An Overview of the Intel IA-64 Compiler (continued)
Page 4 of 15
PROFILE-GUIDED OPTIMIZATIONS
The compiler may be able to take the fullest advantage of the IA-64 architecture when accurate information about the program execution behavior, called profile information, is available. Profile information consists of a frequency for each basic block and a probability for each branch in the program.
The Intel IA-64 compiler gathers profile information about the specified program and annotates the intermediate language for the program with this information. The compiler supports two modes for determining profile information: static and dynamic. Static profiling, as the name suggests, is collected by the compiler without any trial runs of the program. The compiler uses a collection of heuristics to estimate the frequencies and probabilities, based on knowledge of "typical" program characteristics. Static information is necessarily approximate because it must be general enough to work with all programs. The compiler uses static profiling information whenever the optimizer is active, unless the developer selects dynamic profiling.
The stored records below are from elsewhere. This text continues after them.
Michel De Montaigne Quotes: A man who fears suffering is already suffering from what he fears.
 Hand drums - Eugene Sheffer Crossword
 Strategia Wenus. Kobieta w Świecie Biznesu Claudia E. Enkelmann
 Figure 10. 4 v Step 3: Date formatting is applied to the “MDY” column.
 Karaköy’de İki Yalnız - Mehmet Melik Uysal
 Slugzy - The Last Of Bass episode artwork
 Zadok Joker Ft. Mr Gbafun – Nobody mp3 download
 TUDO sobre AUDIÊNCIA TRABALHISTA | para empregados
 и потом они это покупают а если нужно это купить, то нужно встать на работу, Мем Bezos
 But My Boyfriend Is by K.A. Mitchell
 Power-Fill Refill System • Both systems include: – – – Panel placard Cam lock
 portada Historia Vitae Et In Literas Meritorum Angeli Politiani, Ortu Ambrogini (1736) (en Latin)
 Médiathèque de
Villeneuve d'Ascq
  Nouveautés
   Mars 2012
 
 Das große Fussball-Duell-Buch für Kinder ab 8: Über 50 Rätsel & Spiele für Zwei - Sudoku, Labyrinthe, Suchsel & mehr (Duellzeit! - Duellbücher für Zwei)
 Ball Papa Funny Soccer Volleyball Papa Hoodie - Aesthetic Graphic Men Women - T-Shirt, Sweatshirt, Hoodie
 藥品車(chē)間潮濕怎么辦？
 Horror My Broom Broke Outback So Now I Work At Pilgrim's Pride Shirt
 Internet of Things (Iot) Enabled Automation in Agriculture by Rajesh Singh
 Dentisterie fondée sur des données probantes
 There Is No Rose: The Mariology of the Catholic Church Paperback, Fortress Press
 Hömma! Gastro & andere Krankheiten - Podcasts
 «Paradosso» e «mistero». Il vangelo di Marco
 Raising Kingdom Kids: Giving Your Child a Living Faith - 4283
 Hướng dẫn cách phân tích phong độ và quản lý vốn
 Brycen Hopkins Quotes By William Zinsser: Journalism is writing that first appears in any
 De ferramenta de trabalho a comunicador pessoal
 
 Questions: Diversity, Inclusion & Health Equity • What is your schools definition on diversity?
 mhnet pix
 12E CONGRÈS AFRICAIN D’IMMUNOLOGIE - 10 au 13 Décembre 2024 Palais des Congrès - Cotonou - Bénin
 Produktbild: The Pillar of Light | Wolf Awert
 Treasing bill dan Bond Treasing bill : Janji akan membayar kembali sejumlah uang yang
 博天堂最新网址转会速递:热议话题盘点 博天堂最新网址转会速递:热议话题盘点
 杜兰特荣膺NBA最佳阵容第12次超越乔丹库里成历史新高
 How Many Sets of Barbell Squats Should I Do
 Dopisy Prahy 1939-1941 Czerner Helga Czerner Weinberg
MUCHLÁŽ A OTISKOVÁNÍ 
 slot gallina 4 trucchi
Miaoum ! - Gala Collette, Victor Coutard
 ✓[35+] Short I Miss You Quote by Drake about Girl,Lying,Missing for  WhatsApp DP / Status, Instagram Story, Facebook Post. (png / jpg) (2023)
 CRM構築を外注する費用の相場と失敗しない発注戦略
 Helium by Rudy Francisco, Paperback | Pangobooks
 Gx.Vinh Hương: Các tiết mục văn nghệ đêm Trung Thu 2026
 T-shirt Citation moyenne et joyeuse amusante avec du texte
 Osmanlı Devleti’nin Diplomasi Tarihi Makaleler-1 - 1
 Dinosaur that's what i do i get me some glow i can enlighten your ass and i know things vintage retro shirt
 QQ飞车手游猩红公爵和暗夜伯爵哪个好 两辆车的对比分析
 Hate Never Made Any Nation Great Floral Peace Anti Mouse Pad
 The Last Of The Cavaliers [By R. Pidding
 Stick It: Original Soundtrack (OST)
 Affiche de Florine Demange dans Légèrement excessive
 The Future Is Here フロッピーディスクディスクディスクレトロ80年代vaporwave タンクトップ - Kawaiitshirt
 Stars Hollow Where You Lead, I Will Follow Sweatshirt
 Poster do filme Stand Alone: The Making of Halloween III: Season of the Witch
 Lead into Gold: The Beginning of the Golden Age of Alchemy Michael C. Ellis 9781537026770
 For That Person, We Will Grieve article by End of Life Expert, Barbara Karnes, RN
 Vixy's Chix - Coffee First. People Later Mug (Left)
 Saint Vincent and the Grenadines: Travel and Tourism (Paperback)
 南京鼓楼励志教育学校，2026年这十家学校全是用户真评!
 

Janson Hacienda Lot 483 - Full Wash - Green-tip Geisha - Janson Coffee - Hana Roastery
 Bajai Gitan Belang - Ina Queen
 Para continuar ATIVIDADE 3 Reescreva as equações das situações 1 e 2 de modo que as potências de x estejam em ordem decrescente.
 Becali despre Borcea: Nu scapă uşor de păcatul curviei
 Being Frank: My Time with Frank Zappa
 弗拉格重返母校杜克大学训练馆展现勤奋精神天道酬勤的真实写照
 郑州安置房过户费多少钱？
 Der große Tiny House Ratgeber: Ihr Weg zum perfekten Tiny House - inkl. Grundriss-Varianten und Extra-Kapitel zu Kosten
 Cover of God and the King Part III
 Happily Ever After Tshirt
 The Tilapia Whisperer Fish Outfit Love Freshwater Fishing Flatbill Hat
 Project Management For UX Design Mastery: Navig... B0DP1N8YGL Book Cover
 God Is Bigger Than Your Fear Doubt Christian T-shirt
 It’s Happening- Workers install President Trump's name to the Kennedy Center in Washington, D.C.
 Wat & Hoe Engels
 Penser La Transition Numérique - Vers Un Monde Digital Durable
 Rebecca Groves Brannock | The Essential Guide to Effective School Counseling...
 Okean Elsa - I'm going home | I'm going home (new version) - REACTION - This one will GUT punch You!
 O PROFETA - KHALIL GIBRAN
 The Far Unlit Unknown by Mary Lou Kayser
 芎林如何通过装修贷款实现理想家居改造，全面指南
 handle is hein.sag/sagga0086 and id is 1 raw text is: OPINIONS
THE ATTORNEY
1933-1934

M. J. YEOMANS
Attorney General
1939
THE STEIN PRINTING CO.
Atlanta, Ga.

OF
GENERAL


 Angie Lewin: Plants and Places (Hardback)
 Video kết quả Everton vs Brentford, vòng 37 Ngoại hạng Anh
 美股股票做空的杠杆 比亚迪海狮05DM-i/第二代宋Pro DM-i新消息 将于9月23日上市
Figure 2: Steps in dynamic profile-guided compilation
Dynamic profiling information, or profile feedback, is gathered in a three-step process as shown in Figure 2. Instrumented compilation is the first step, where the application developer compiles all or part of the application with the prof_gen option, which produces executable code instrumented to collect profile information. The developer then runs the instrumented code one or more times with "typical" input sets to gather execution profiles. Finally, the developer compiles the application again, this time using the prof_use option, which combines the gathered profiles and annotates the internal representation of the program with the observed frequencies and probabilities. Many optimizations then read the information and use it to guide their behavior. The Intel IA-64 compiler uses profile information to guide several optimizations:
- The compiler uses profile information to integrate procedures that are most frequently executed into their call sites, thereby providing the benefits of larger program scope while minimizing code growth.
- Profile information is also used to guide the layout of procedures and blocks within procedures to reduce instruction cache and TLB misses.
- Finally, the compiler uses profile information to make the best use of machine instruction width and speculation features. By knowing the program's execution behavior at scheduling time, the instruction scheduler is capable of selecting the right candidates for speculation.
|